Using Batch script in SuperPOD

Overview

Teaching: 20 min
Exercises: 0 min
Questions
  • How to run Batch script in SuperPOD

Objectives
  • Running batch script using CIFAR100 template model

5. Using Batch script in SuperPOD

SuperPOD uses SLURM as scheduler so there is no difference in running Batch script comparing to ManeFrame 3. However, there are some commands you might need to pay attention when running Batch script using container.

Following are the instructions on how to run Batch script for a Computer Vision sample using CIFAR10 data.
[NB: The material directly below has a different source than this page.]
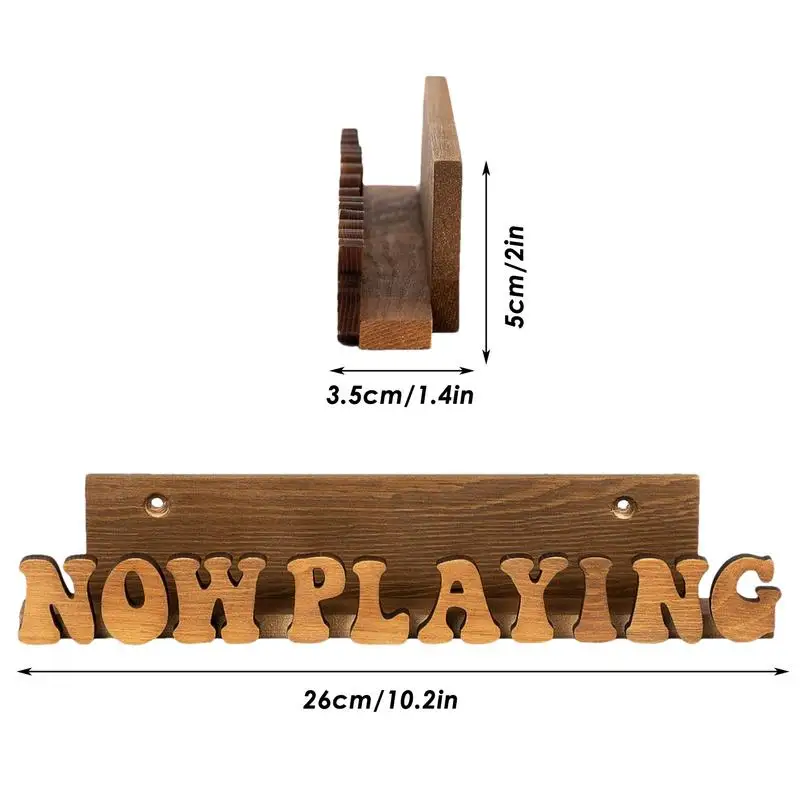 Jetzt spielen Rekord halter jetzt spielen Buch Album Display Rack Platten regal für Alben halter Stand Organizer Speicher datei Ordner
Here, I use a python file called model_CNN_CIFAR10.py.

The file can be downloaded from here to your $WORK folder:

$ cd $WORK
$ wget https://raw.githubusercontent.com/SouthernMethodistUniversity/SMU_SuperPOD_101/e6315c29ca0542351b79233729708dfa16161cdf/files/model_CNN_CIFAR10.py

5.1 Running Batch script with conda environment

Prepare the batch script with name: modelCNN.sh using the following content:

#!/bin/bash
#SBATCH -J CNN_CIFAR10_SPOD       # job name to display in squeue
#SBATCH -t 60                     # maximum runtime in minutes
#SBATCH -c 2                      # request 2 cpus    
#SBATCH -G 1                      # request 1 gpu a100
#SBATCH -p workshop               # request queue name workshop (optional)
#SBATCH -D /work/users/tuev       # link to your folder
#SBATCH --mem=32gb                # request 32gb memory
#SBATCH --mail-user tuev@smu.edu  # request to email to your emailID
#SBATCH --mail-type=end           # request to mail when the model **end**

module load conda gcc
module load cuda cudnn

conda activate ~/tensorflow_2.9
python model_CNN_CIFAR10.py

Be on login node to submit the batch script:

$ sbatch modelCNN.sh

5.2 Running Batch script with container

Prepare the batch script with name: modelCNN_ngc.sh using the following content:

#!/bin/bash
#SBATCH -J CNN_CIFAR10_SPOD       # job name to display in squeue
#SBATCH -t 60                     # maximum runtime in minutes
#SBATCH -c 2                      # request 2 cpus    
#SBATCH -G 1                      # request 1 gpu a100
#SBATCH -p workshop               # request queue name workshop (optional)
#SBATCH --mem=32gb                # request 32gb memory
#SBATCH --mail-user tuev@smu.edu  # request to email to your emailID
#SBATCH --mail-type=end           # request to mail when the model **end**

srun --container-image=/work/users/tuev/sqsh/nvidia+tensorflow+22.12-tf2-py3.sqsh --container-mounts=$WORK python $WORK/model_CNN_CIFAR10.py

Be on login node to submit the batch script:

$ sbatch modelCNN_ngc.sh

Key Points

  • Batch script, Computer Vision